Culture Crash: How Common Pediatric Diseases Affect the Healthy Intestinal Microbiome

Published on 
June 15, 2016

Tracy C. Grikscheit, MD, pediatric surgeon and principal investigator at The Saban Research Institute of Children’s Hospital Los Angeles, treats a large number of young patients who require surgery for various intestinal diseases.  Since the intestinal microbiome is an important regulator of gut health and immune function, Grikscheit and her team investigated how surgical treatment of certain pediatric intestinal diseases have a long-term impact on intestinal flora.  

Results of the study, published in the journal Surgery, revealed that for inflammatory and ischemic disorders that require prolonged courses of antibiotics, the microbiome of the intestinal lining remained altered even after the medical condition clinically resolved. Intestine in children who had inflammatory and ischemic disorders had less bacterial diversity and different types of bacteria compared to children who needed intestine surgery that required only a few days of antibiotics such as in the case of obstructive conditions.  They also found that patients who underwent intestinal diversion, resulting in digested food passing through just part of their intestine, had little change to their intestinal flora when sites above and below the diversion were compared.

“Our study suggests that the disease process and antibiotic treatment could have a far greater impact on intestinal microbial diversity than surgical intervention,” said Minna Wieck, MD, an investigator and surgical resident at CHLA and first author on the study.

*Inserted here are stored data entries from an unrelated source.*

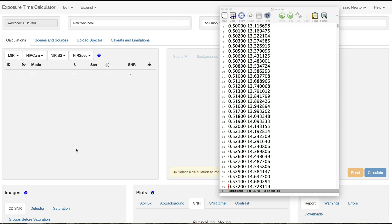Please be aware that the ETC will only check that the above formatting is satisfied. It will happily accept files with wavelength or flux density in other units, but will interpret them as microns and Millijanskys, respectively. Files with the second column in surface brightness units require special handling in the ETC. This is described later in the video.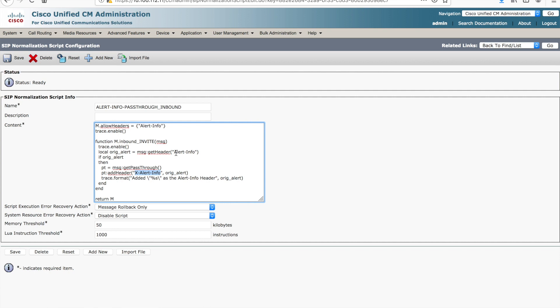The reason we do this is because Unified Communications Manager actually recognizes and uses alert info natively. Now, the problem is, in this example, we're using a different header format and so forth. We're passing through a header that's technically supported, but communications manager does not pass it through natively on its own. So we still have to get it from one call leg to the other.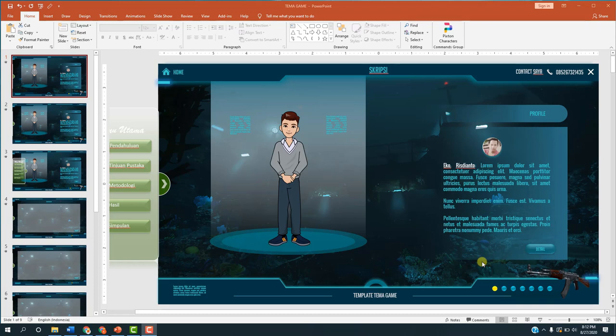Pada kesempatan kali ini, saya ingin memberikan sebuah preview template dengan tema game, interface atau tampilan game. Ini adalah request dari subscriber bagaimana cara membuat template yang menarik untuk presentasi dengan tema tampilan game. Kita akan coba preview template yang akan kita buat di sini.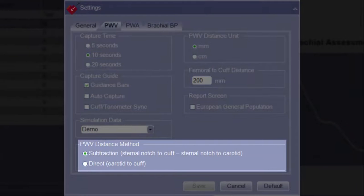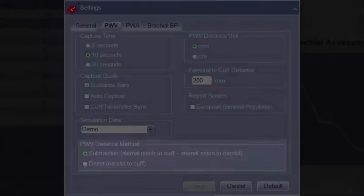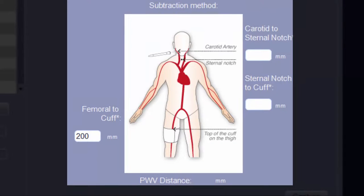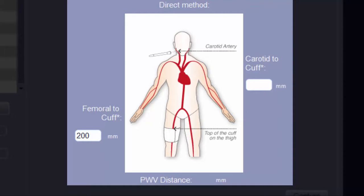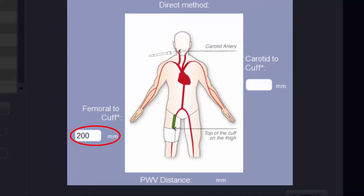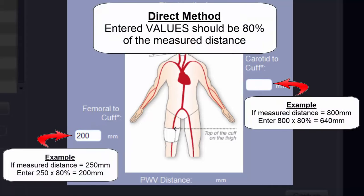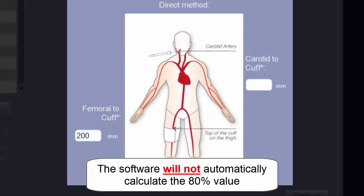Under PWV Distance Method, there are two options for distance input. The Subtraction Method requires measurements from the carotid artery to the suprasternal notch, from the suprasternal notch to the thigh cuff, and finally from the femoral artery to the thigh cuff. The Direct Method only requires a measurement from the carotid artery directly to the thigh cuff and from the femoral artery to the thigh cuff. It is recommended when using the Direct Method that the entered distances equal 80% of the measured value, as this coincides with current professional societal recommendations. The software will not automatically calculate or apply the 80% value.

The current study differs from previous reports in that intestinal swabs, which provided a direct method of looking at specific areas of the intestinal mucosa, were studied instead of only relying on stool samples. Also, the researchers used a larger sample size – comparing mucosal bacteria from 43 samples by age, breastfeeding status, disease, acuity and other parameters.

“Alterations in the microbiome are linked to many disease states and may also be associated with increasing surgical complications and long term effects in the children we treat,” said Grikscheit. “Now we need to determine if the disease process or the extended antibiotic regimen is responsible for the changes we identified so that we can effectively care for the medical condition while minimizing any unintended, and potentially, far-reaching effects.”

Additional contributors to the study include Ryan G. Spurrier, MD and Andrew Trecartin, MD, of Children’s Hospital Los Angeles; and Rob Knight, PhD, and Justine W. Debelius, PhD, University of California, San Diego.